I use awk for everything, including the laundry.
You search for lines that contain "[thr". When you find such a line, reset the line counter to 1, then peel off the value between the square brackets. This can be done with the sub() function, for example sub(/.*\[/,"") removes everything up to and including the opening bracket, and sub(/\].*/,"") removes everything starting with the closing bracket. Remember what remains after the two sub()'s. For example:
Code:
/\[thr/ { linectr = 1
sub(/.*\[/,"")
sub(/\].*/,"")
thr = $0
next }
Note that $0 refers to the entire line, but after stripping the unwanted parts. The
next directive advances to the next line.
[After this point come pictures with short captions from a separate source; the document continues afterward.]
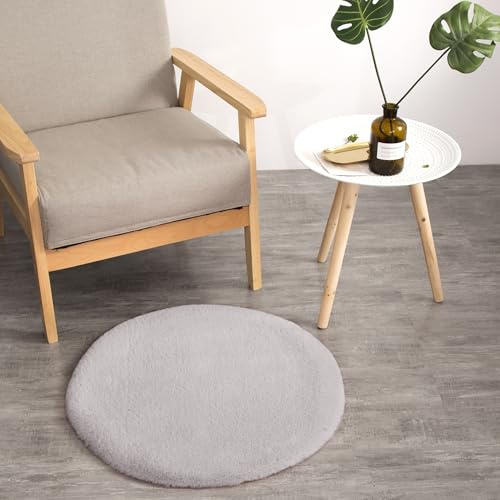Teppich Wölkchen Alfombra de imitación de Piel - Sala de Estar, decoración de la Sala de Dormir - Alfombra de Piel Lavable como de Cama, cojín de Silla - Gris, 45 cm Redondo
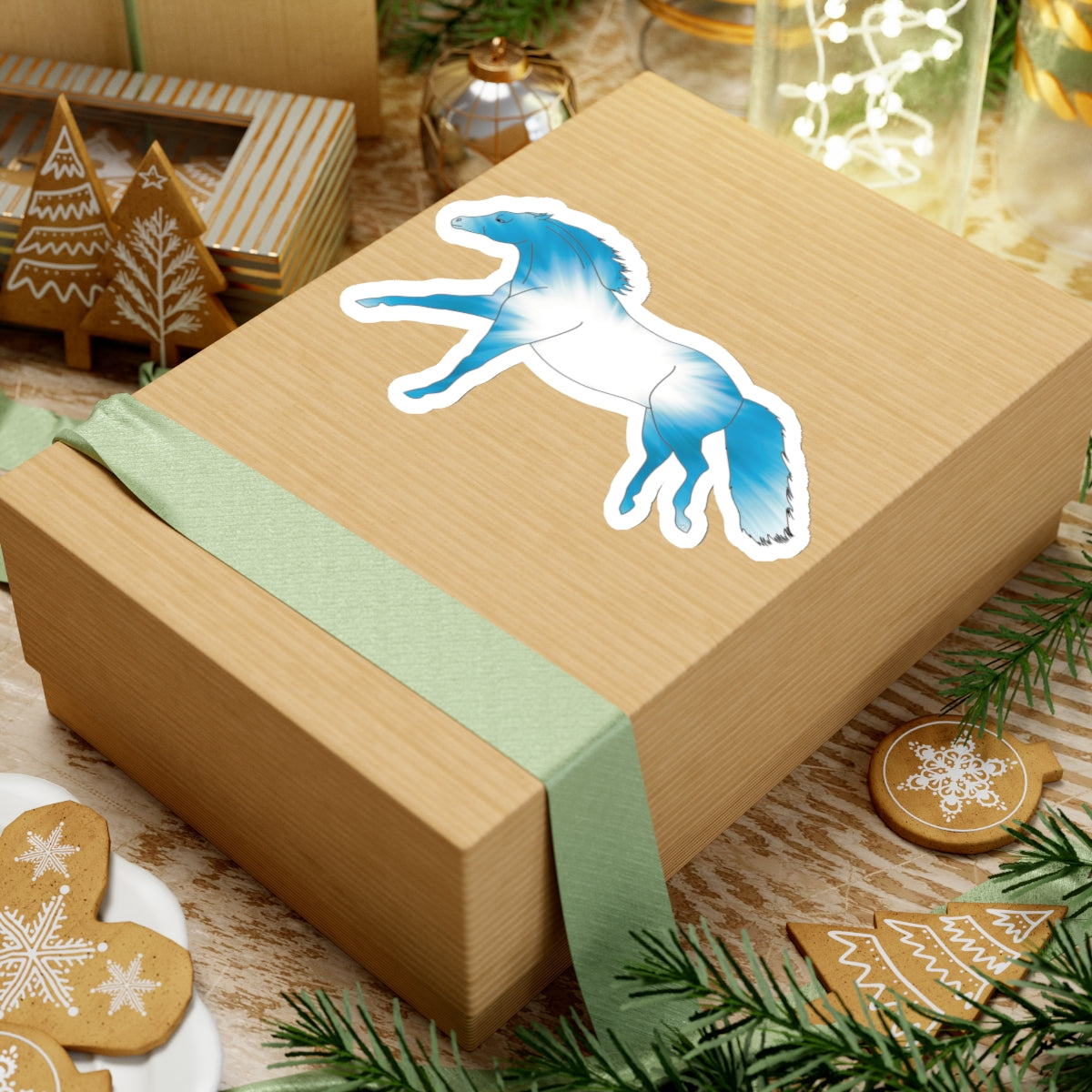 "Untethered Turquoise Horse" Kiss-Cut Stickers
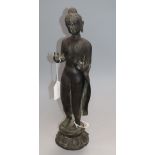 A Cambodian style spelter figure of Buddha height 41cm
When awk encounters other lines, it just increments the counter:
How are you going to output the line count? Whenever the line contains [thr, you print the thr number and line count of the previous block. The only time you don't do this is at the first ocurrence of [thr. I assume that this is the first line of the file. Thus, the entire program looks like this:
Code:
/\[thr/ { if (NR>1) print thr " ; " linectr
linectr = 1
sub(/.*\[/,"")
sub(/\].*/,"")
thr = $0
next }
{ linectr += 1 }
Put this in a file, for example
process-thr.awk, and run
awk -f process-thr.awk YOUR-INPUT.
WARNING: This is not tested. I assume that the first thr block starts in the first line, and that the file contains no other lines than thr blocks.
This can certainly be improved. Instead of counting the lines, for example, one could use the number at the beginning of each line.